We've all heard about cycling in Amsterdam and Copenhagen - but what of cycling's third city, Bremen? Kats Dekker looks at five factors that build its success while also in Germany Freiberg has many lessons for a city like Christchurch. In Belgium, Bruges stands out as a hotspot - like many such this is as much due to restricting traffic as elaborate cycling infrastructure - something Galway could learn from although if it is going to model itself on Cambridge it shouldn't include junctions like these. While they may not be as sexy as a cycle track the humble bollard does as much to create cycling routes (the hot Scandinavian cyclists are optional) something Raise the Hammer understands quite well. Other lessons can be learned from the Dutch too, including negatives ones - like the perils of mopeds while Dublin is investigating rolling out contraflow cycle streets across the city - and, who knows, we could all be visiting Kampala to admire its cycling infrastructure next. Sometimes, it's the little things that make a city 'livable' - like bike racks that suggest that bikes are gaining acceptance - or simply somewhere nice to sit.

Cycling while different

While for immigrants in Amsterdam cycling can be a force for integration, in the US, some groups feel harrassed and excluded while cycling (although in Glasgow, wheelchair users don't even have to get on a bike to feel they've not been made welcome) - it may explain why Seattle's subsidised bike share memberships have had a low initial takeup. Bicycle Dutch catches up with the story of the Dutch schoolkids using e-bikes to get to school (would they get fewer points in Odense, we wonder) while at the other end of the age range The Listening Project catches up with a few pairs of cyclists, some still persisting well into old age.

Bloody cyclists

As ever, hostility between cyclists and drivers spilled out from the Internet onto the roads, with one attacked for having the temerity to stop for a pedestrian at a zebra crossing and another one impeding the 'run' part of a hit and run with their pesky bike as they lay unconscious in the road - but Cathy Bussey is still proud to be counted as one of the crew.
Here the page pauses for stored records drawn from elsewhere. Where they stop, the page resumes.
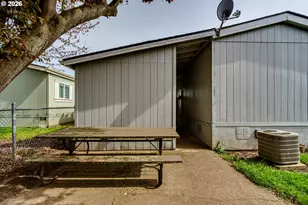 1699 N Terry St, Eugene, OR 97402 - Photo 20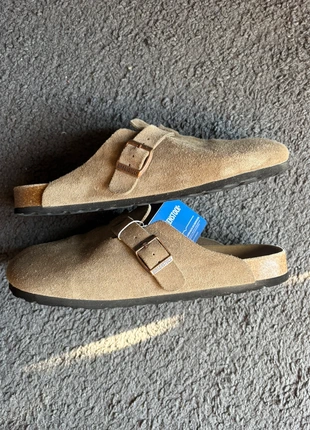 répliques birkenstock boston taupe taille 43 en très bon état, marca: Birkenstock, estado: Muito bom, tamanho: 43, €45.00, €47.95 inclui Proteção do Comprador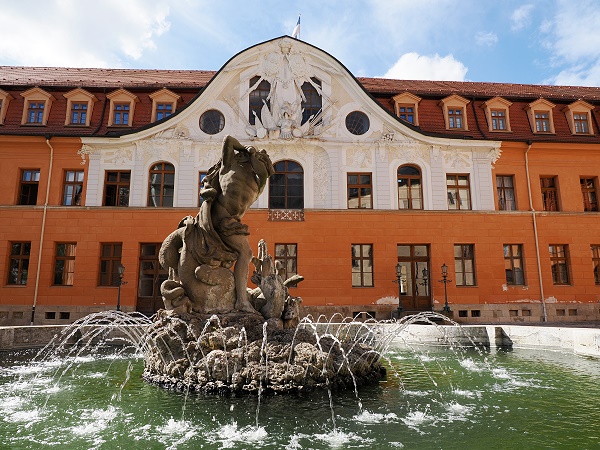 Herkulesbrunnen und Musikakademie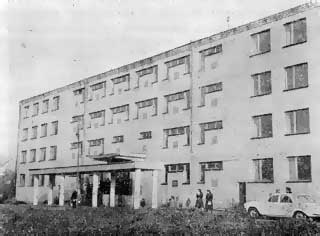Здание сельского профессионально-технического училища в пгт Ивановке. 1981 г.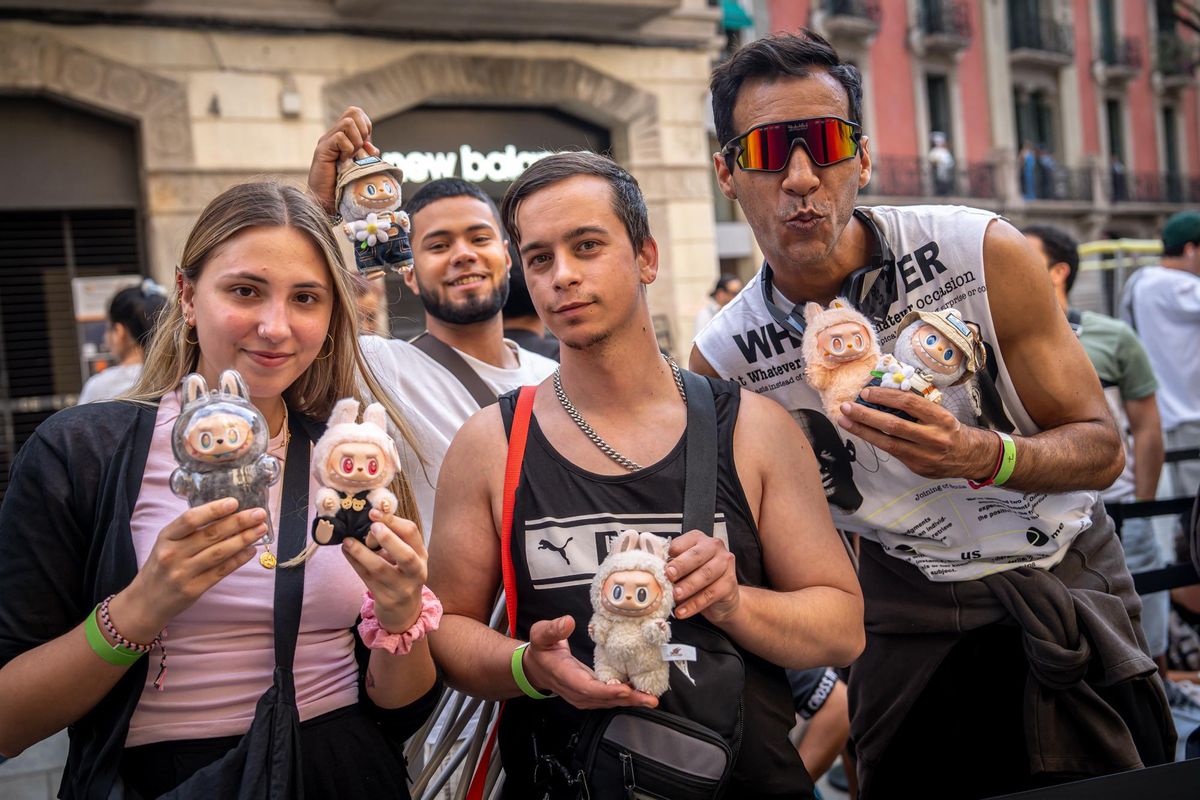 Colas masivas en Pop Mart por la llegada de Labubus a Barcelona
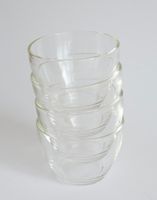 4 fabrikneue Glasschüsseln/Dessertschüsseln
At least Chris Boardman's film on overtaking cyclists has been widely viewed and positively received but if you do encounter a motorist who clearly hasn't watched it, a camera can provide some evidence although it's mostly just for fun for some.

Last of the summer tours

With the summer drawing to a close, there were still a few bike touring posts - from what it takes to build a town into a cycle touring destination - to what surely must be the ultimate bike for your railway-to-cycleway conversion, complete with what appear to be a pair of cupholders... and finally, we hope that 'Cyclist David' wasn't just passing through when he met Lynne, but will be back to find her note ...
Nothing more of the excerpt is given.